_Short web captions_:
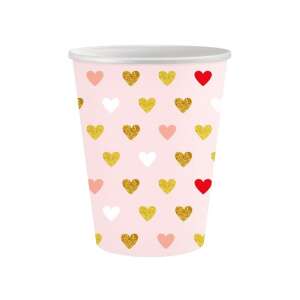 XOXO Ružové papierové poháre so vzorom sŕdc, 6-balenie, 250 ml - Jednorazové poháre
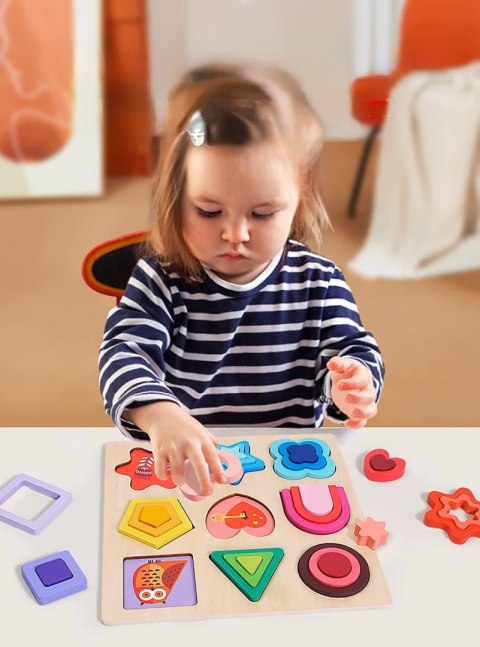 Puzzle Edukacyjne Montessori – Dopasowywanie Figur i Kształtów z Drewna Puzzle Edukacyjne Montessori – Dopasowywanie Figur i Kształtów z Drewna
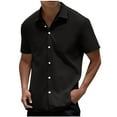 thumbnail image 2 of 2 Pack Mens Button-Down Shirts with Collared Short Sleeve T-Shirts Casual Solid Color Breathable Going-Out Work Beach Tshirts Tees Tops, 2 of 8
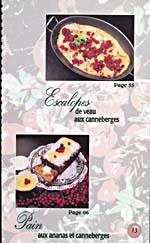 Page 13 of cookbook, TOUT SUR LES CANNEBERGES, with part of an illustrated table of contents showing photographs of veal scallop with cranberries and pineapple-cranberry bread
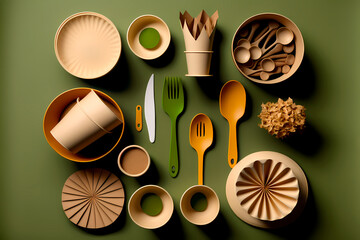 Recycled Eco-friendly tableware made of environmental materials on a green background.  Flat lay, knolling concept. Generative AI.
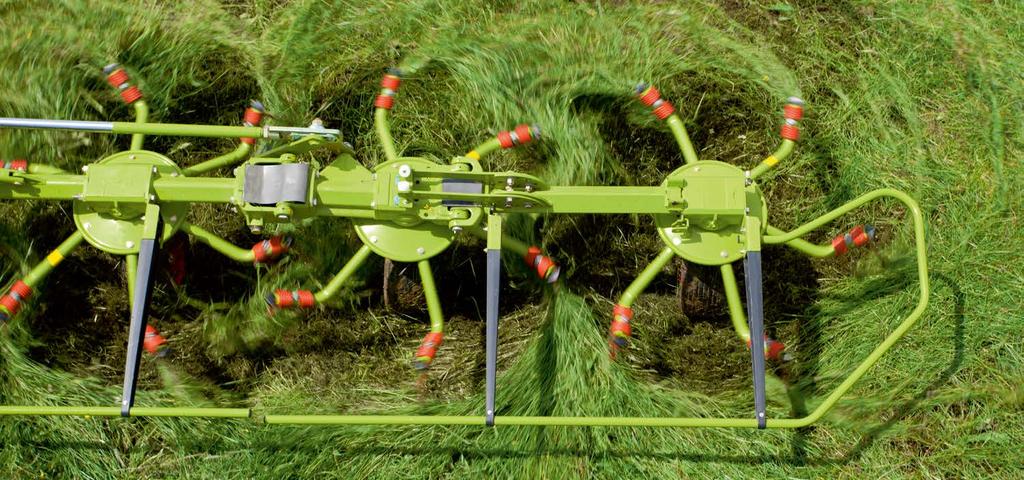 Leveämpi levitys. MAX SPREAD materiaalin siirto Lisätietoja osoitteessa: volto.claas.com Leveämpi haravointi. Hellävarainen rehulle. Leveämpi levitys.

_Task objective_:
Verbatim copy without images: write the records above out in full.

_Written answer_:
 XOXO Ružové papierové poháre so vzorom sŕdc, 6-balenie, 250 ml - Jednorazové poháre
 Puzzle Edukacyjne Montessori – Dopasowywanie Figur i Kształtów z Drewna Puzzle Edukacyjne Montessori – Dopasowywanie Figur i Kształtów z Drewna
 thumbnail image 2 of 2 Pack Mens Button-Down Shirts with Collared Short Sleeve T-Shirts Casual Solid Color Breathable Going-Out Work Beach Tshirts Tees Tops, 2 of 8
 Page 13 of cookbook, TOUT SUR LES CANNEBERGES, with part of an illustrated table of contents showing photographs of veal scallop with cranberries and pineapple-cranberry bread
 Recycled Eco-friendly tableware made of environmental materials on a green background.  Flat lay, knolling concept. Generative AI.
 Leveämpi levitys. MAX SPREAD materiaalin siirto Lisätietoja osoitteessa: volto.claas.com Leveämpi haravointi. Hellävarainen rehulle. Leveämpi levitys.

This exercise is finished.